It becomes increasingly apparent throughout the course of the story that the only two truly-strong characters are the Girl in Blue and Amy, Jimmy’s black half-sister. William, James, Jimmy’s Father (who is also never named directly) and Jimmy are all poses non-traditional masculine traits. William is abusive, out of shape and divorced – nothing about him is part of the idealized male character; charming, fit, chivalrous. His son James, scarred by the abuse and emotionally stunted from the lack of motherly figure to balance William, is lonely, quiet and ostracized by his peers at school. Jimmy’s father is also out of shape, with numerous children from failed romances. He is far and away the most classically masculine character, especially when one considers his womanizing ways. This fact plays back into the idea that Ware is attempting to turn the conventions of sexism in pop culture around, back onto the typically sexist male characters. By making the men the weaker characters, Ware is able to highlight that for as obvious as female sexism is in a work – anybody would quickly pick up on his almost-blatant objectification of the minor-character women – the sexism leveled at the men, all of who have been failed by society’s image of masculinity, goes unnoticed in general discussions of the story.

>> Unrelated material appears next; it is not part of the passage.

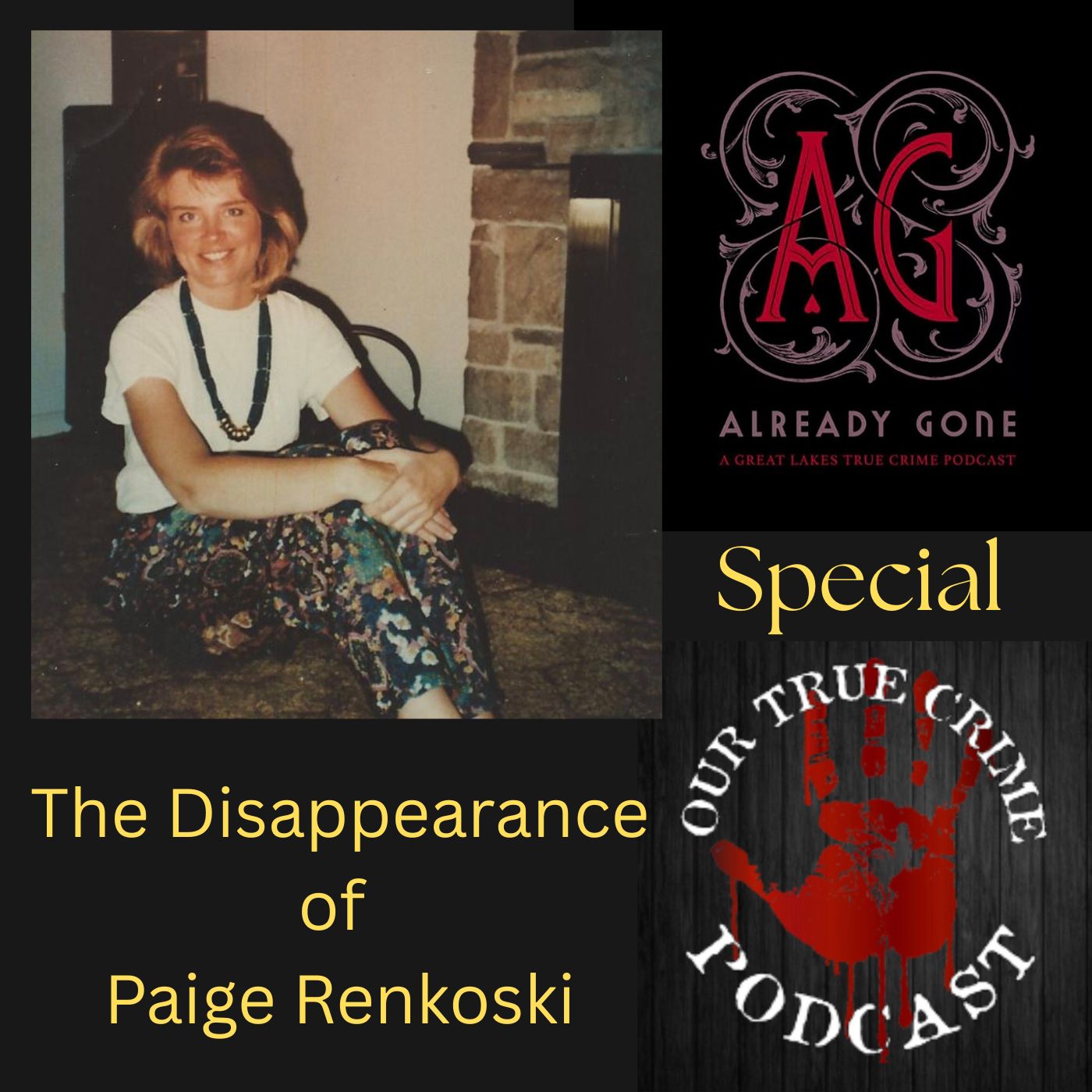 Unsolved: The Disappearance of Paige Renkoski with Nina from Already Gone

Jimmy’s relationship with Amy, the only other strong female character, mirrors James’ relationship to the Girl in Blue. With James, the Girl in Blue approaches him for the first time, another proof that James is not a strongly masculine character, and befriends him on his first day at a new school. As the two grow closer, James continues to fall more and more in love with her, at one point focusing only on a strand of her hair blowing in his face atop the unfinished World’s Fair building.[v] Similarly, Amy is the first to introduce herself to Jimmy when they meet at the doctor’s office.[vi] As with James before him, Jimmy finds himself falling in love with the only strong female character that he meets.

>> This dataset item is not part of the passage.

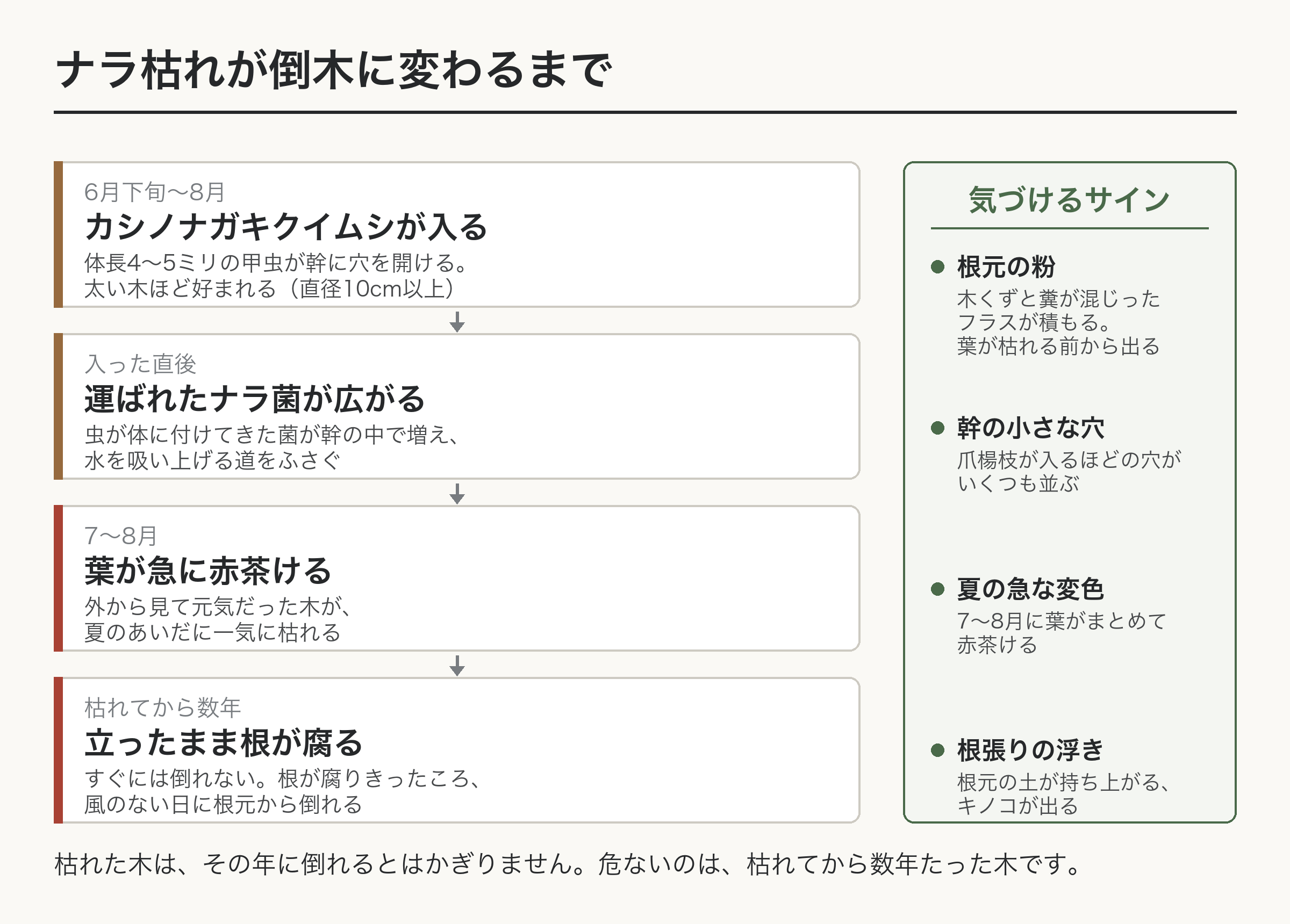 ナラ枯れ 倒木 進み方 カシノナガキクイムシ フラス 図解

When James finds out that the Girl in Blue is related to him, he reacts violently to the news and attacks her. This is used against him later, when the other children make fun of him for hitting a girl – one of the least traditionally ‘masculine’ actions one can perform, and a large social taboo.[2] When Jimmy falls for Amy, he too is aware that it is explicitly against social norms to act on his urges. When he finally does act on these, by grabbing her hand when they find out their father died, he is violently rejected by Amy, who pushes him to the ground.[vii] In James’ case, the rejection comes internally, when he reacts to the Girl in Blue’s taunting after learning that he will never be able to be wither. On the other hand, Jimmy’s rejection comes from an external source – Amy, though in a larger sense society as a whole, pushes him away when he tries to make the most basic of human connections.[3]

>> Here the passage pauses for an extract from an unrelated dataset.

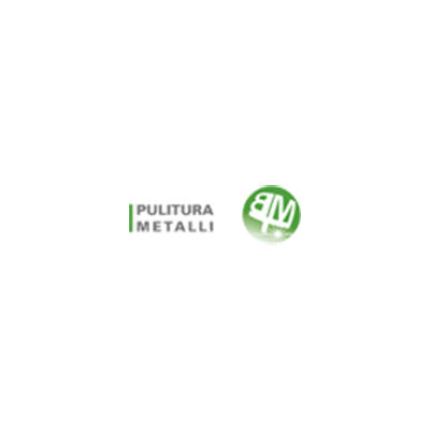Logo from B.M.T. Pulitura Metalli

To Ware, literary criticism – especially when done through a feminist lens – relies on the assumption that society’s view of masculinity has a lesser effect on the men of the society. To draw attention and provide a counter to this rather ‘institutionalized sexism’, he presents the effects of this assumption on four damaged men. The women in the story are there to ensure that the discussion of sexism happens in the first place (which only furthers his original goal – if he had not objectified characters such as the airplane passenger or empowered young female characters such as the Girl in Blue, would we have even noticed the inherent sexism against the men?).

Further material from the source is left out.